Some handicaps forcing humans into a wheelchair are visible. On the other hand, there are handicaps that are not visible as well such as nerve pains. The similarity, they are both very impairing. The difference, invisible handicaps are notoriously difficult to be understood by third parties. This is especially frustrating and potentially damaging if those third parties are the first point of contact in any assessment process for healthcare relief.

Currently, the likelihood of successfully passing the assessment process is entirely dependent on whether the third-party precisely understand the person with the invisible handicap and the (hidden) consequences attached to it.

The problem

Successfully passing the assessment process is vital for access to professional care in the Netherlands. That the access to professional care budgets depends on a third party judgment despite quality control is thrilling at best and downright dangerous at worst.

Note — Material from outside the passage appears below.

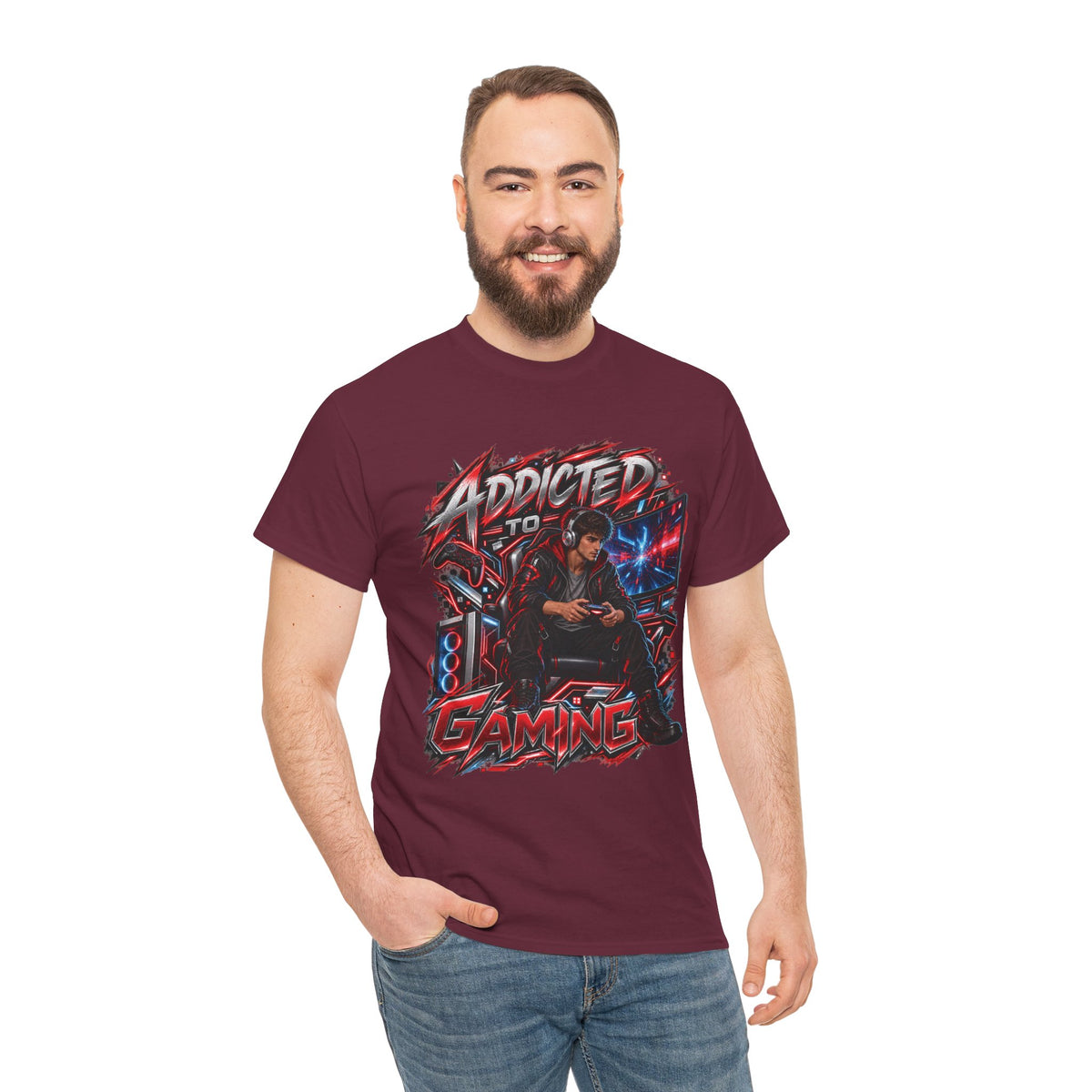 Addicted to Gaming Graphic T-Shirt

Not all handicaps are visible or can be made visible during a snapshot, which the assessment process is.

Another factor contributing to the problem is that only documented evidence is considered legitimate in the assessment process. This discriminating way of evidence legitimacy excludes all other methods (i.e. video recordings) that can succeed in making the handicap visible whereby documented evidence would fail.

Also, assessors tend to base the case on unwillingness when they can’t figure the handicap out. The person with the handicap can never properly defend himself against such invisible reason thus the application refusal after the assessment process causes all kinds of ripple & butterfly like-effect problems.

The Ministry of Health even confirms that behavioral problems are by no means the person’s unwillingness but rather surrounding factors, regardless of the handicap.

The solution

If an invisible or inexplicable handicap explanation occurs, something has to prevent the person with a said handicap during the assessment to be disadvantaged due to the impossibility to explain clearly the handicap.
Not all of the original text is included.